Segment Start: The data

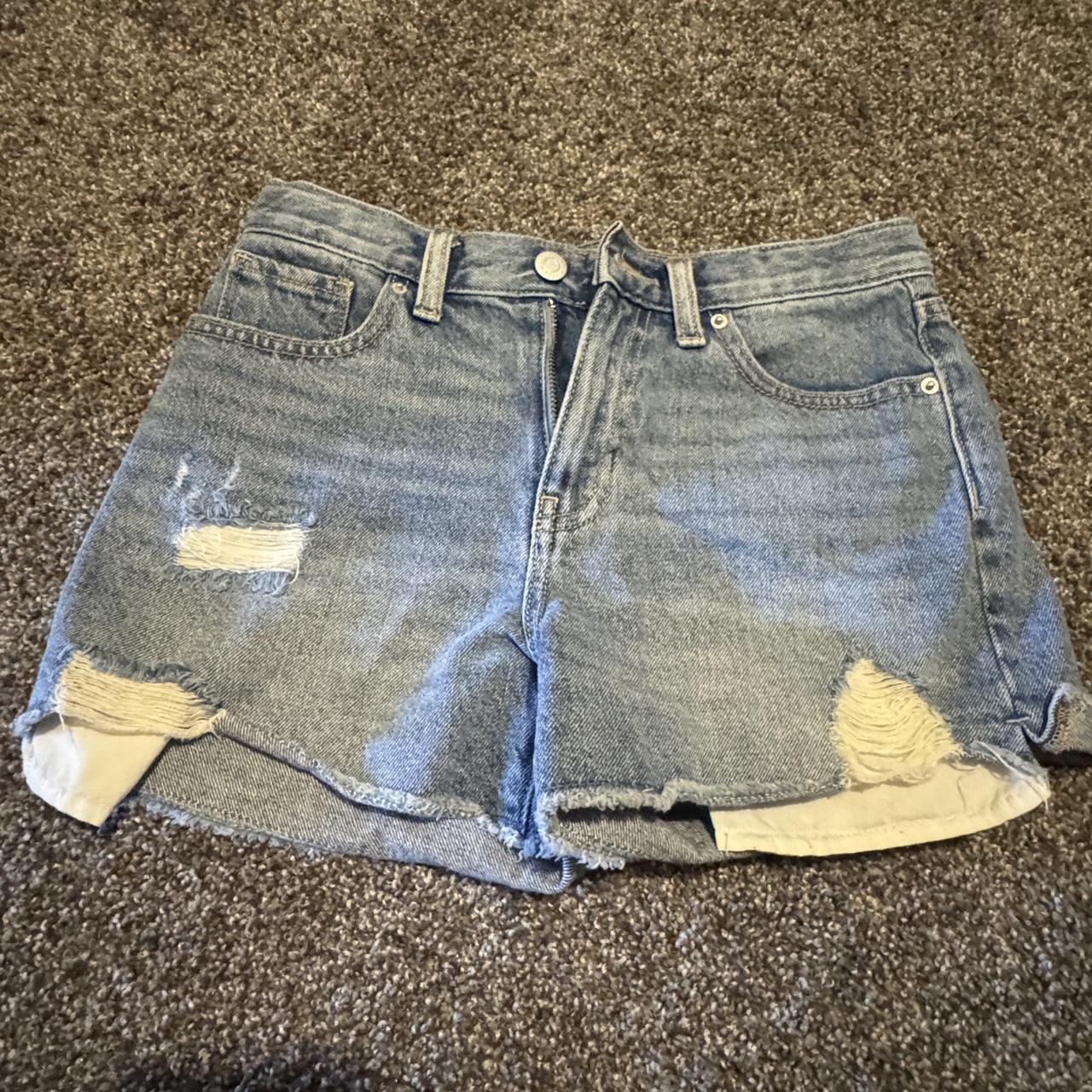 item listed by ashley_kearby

Segment End: The data
Segment Start: The data

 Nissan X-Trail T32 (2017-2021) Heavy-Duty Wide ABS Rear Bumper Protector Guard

Segment End: The data
Segment Start: The data

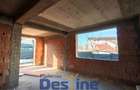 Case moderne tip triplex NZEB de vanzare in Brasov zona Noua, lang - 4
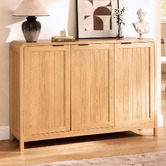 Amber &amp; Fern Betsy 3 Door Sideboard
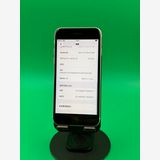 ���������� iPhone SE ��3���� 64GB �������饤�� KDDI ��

Segment End: The data

→ Task objective: In the listing above, find the line containing "Case moderne tip" and the line containing "64GB �������饤�� KDDI ��", then write out both of them and every line between, exactly, with no pictures.

→ Result of the exercise:
 Case moderne tip triplex NZEB de vanzare in Brasov zona Noua, lang - 4
 Amber &amp; Fern Betsy 3 Door Sideboard
 ���������� iPhone SE ��3���� 64GB �������饤�� KDDI ��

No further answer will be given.